---- Source data

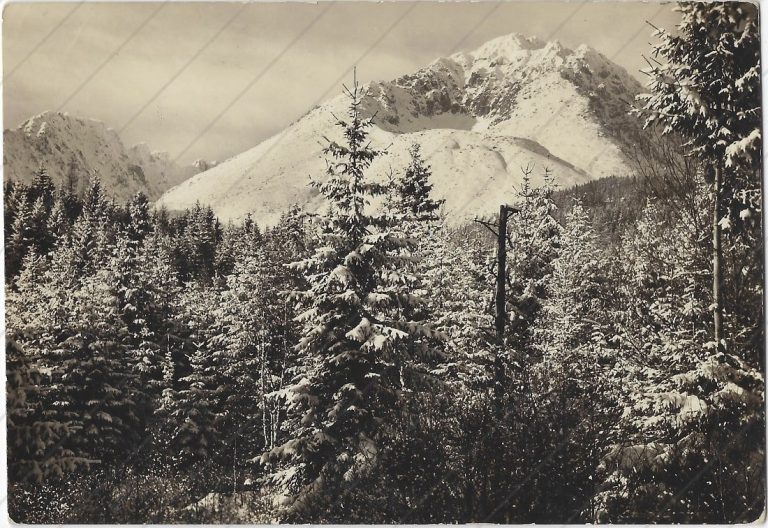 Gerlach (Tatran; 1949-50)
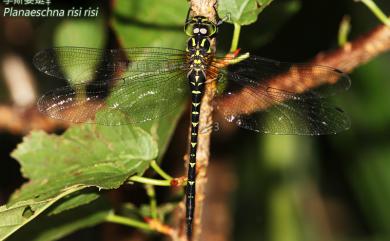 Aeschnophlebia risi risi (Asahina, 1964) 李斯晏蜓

--------
---- Source data

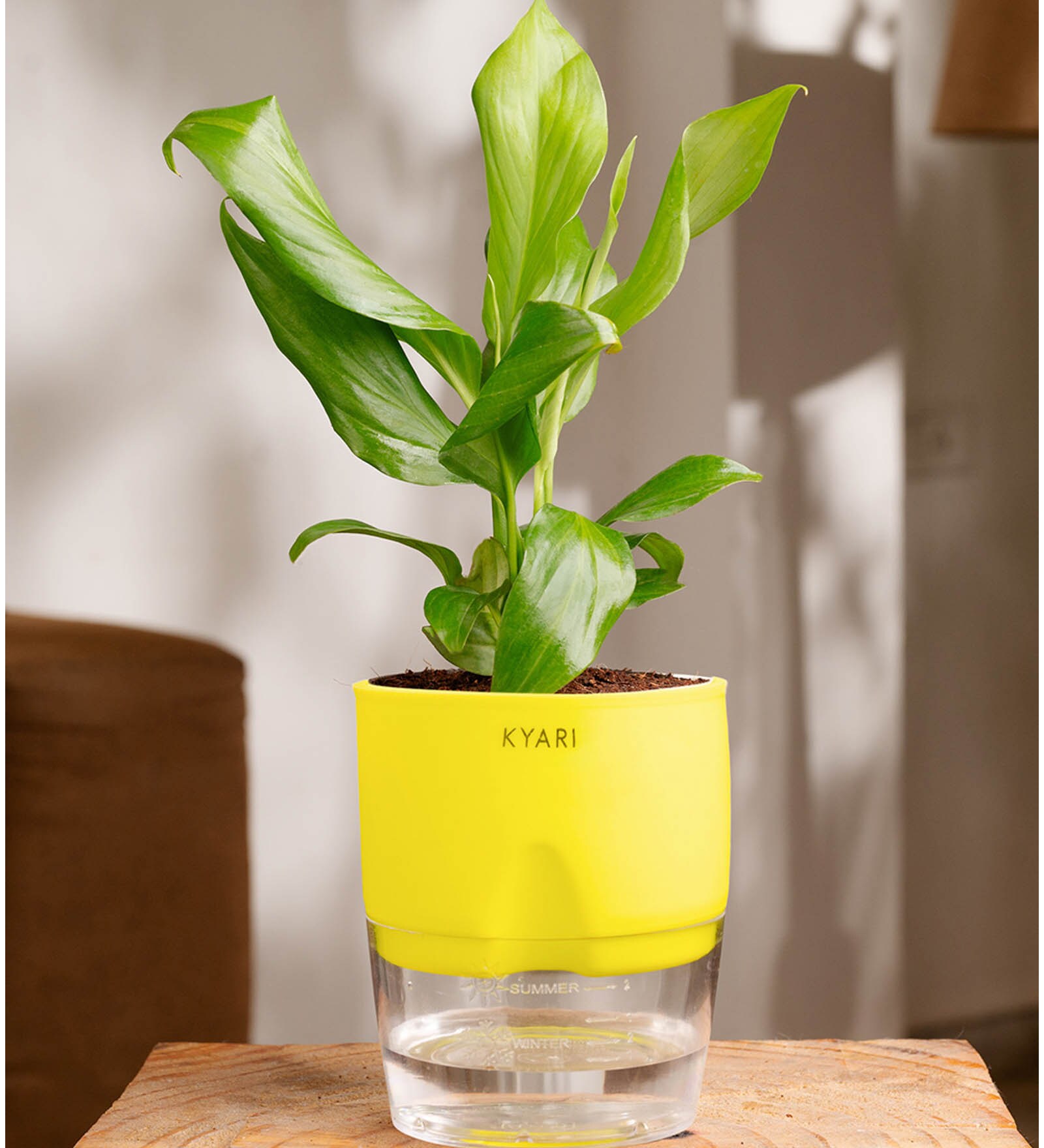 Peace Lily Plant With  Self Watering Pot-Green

--------

» **Work instruction**
In the listing above, the required lines run from the line with "Gerlach (Tatran; 1949-50)" through the line with "Aeschnophlebia risi risi". Output exactly those lines, omitting pictures.

» **Response box**
 Gerlach (Tatran; 1949-50)
 Aeschnophlebia risi risi (Asahina, 1964) 李斯晏蜓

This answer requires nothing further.